• **PROBLEM DETAILS**: Only one stretch of the material below is wanted: everything from the line containing "spacecentre's tweet photo." down to the line containing "rover challenges. https://t.co/6dB4jFGR0O", both ends included. Repeat it exactly and skip the pictures.

• **EXCERPTED DATA**:
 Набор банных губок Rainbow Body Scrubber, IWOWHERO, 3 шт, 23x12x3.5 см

--

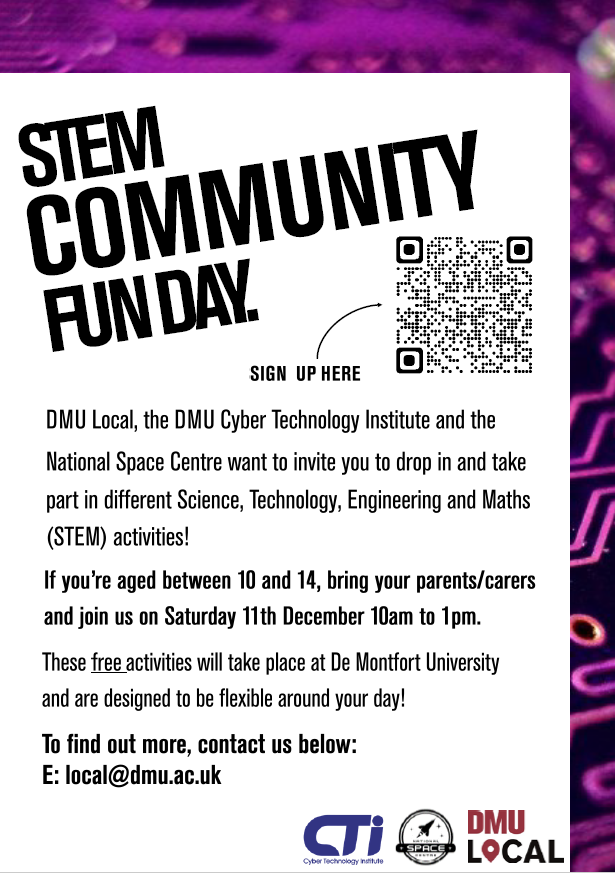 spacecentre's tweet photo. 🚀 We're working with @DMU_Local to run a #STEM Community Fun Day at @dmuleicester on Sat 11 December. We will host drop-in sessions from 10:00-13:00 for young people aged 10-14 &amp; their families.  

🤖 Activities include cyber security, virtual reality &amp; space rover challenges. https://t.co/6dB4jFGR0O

• **RESPONSE BELOW**:
 spacecentre's tweet photo. 🚀 We're working with @DMU_Local to run a #STEM Community Fun Day at @dmuleicester on Sat 11 December. We will host drop-in sessions from 10:00-13:00 for young people aged 10-14 &amp; their families.  

🤖 Activities include cyber security, virtual reality &amp; space rover challenges. https://t.co/6dB4jFGR0O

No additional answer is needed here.